Other significant results were on Pontryagin duality and differential geometry. He introduced the concept of a uniform space in general topology, as a by-product of his collaboration with Nicolas Bourbaki (of which he was a Founding Father). His work on sheaf theory hardly appears in his published papers, but correspondence with Henri Cartan in the late 1940s, and reprinted in his collected papers, proved most influential.

He discovered that the so called Weil representation, previously introduced in quantum mechanics by Irving Segal and Shale, gave a contemporary framework for understanding the classical theory of quadratic forms. This was also a beginning of a substantial development by others, connecting representation theory and theta functions.

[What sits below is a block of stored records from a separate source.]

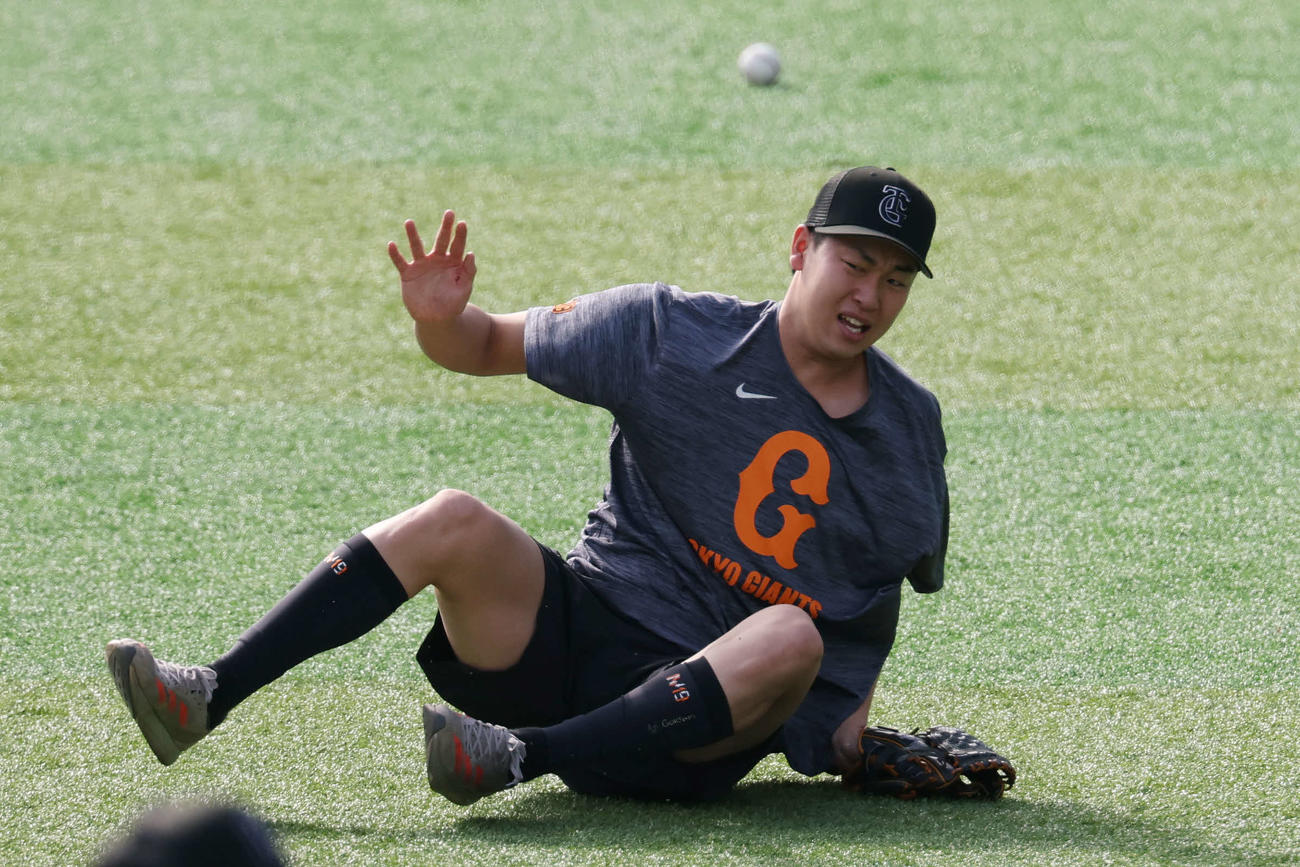 ノックで捕球できなかった巨人山崎（撮影・宮地輝）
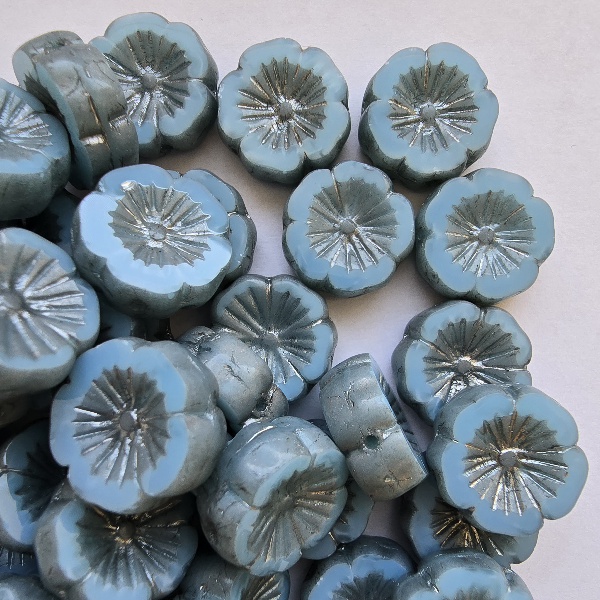 Gibigyongy.hu - Table Cut Hawaiian Flower 14 mm 61000-13702 Opaque BlueTravertin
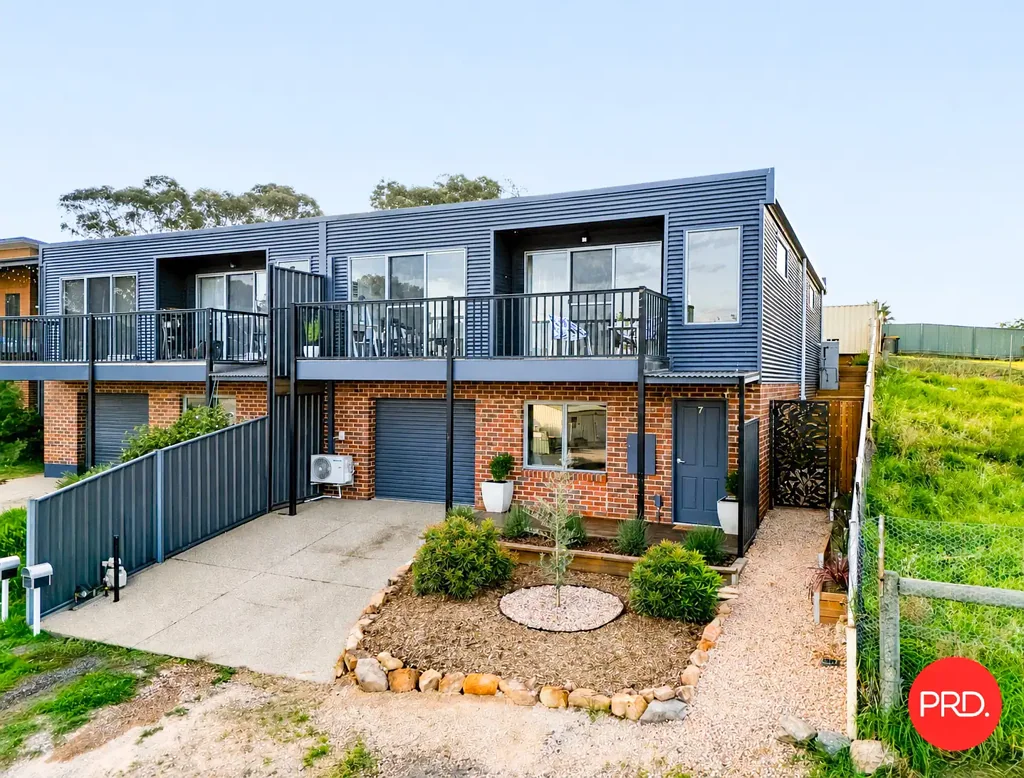 Long Gully 3房  Elevated Living with Space, Style & Views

He also wrote several books on the history of Number Theory.

Weil's ideas made an important contribution to the writings and seminars of Bourbaki, before and after World War II.

He says on page 114 of his autobiography that he was responsible for the null set symbol (Ř) and it came from the Norwegian alphabet, with which he alone among the Bourbaki group was familiar.

Indian (Hindu) thought had great influence on Weil. In his autobiography, he says that the only religious ideas that appealed to him were those to be found in Hindu philosophical thought.

  • "God exists since mathematics is consistent, and the Devil exists since we cannot prove it."
  • Weil's Law of university hiring: "First rate people hire other first rate people. Second rate people hire third rate people. Third rate people hire fifth rate people."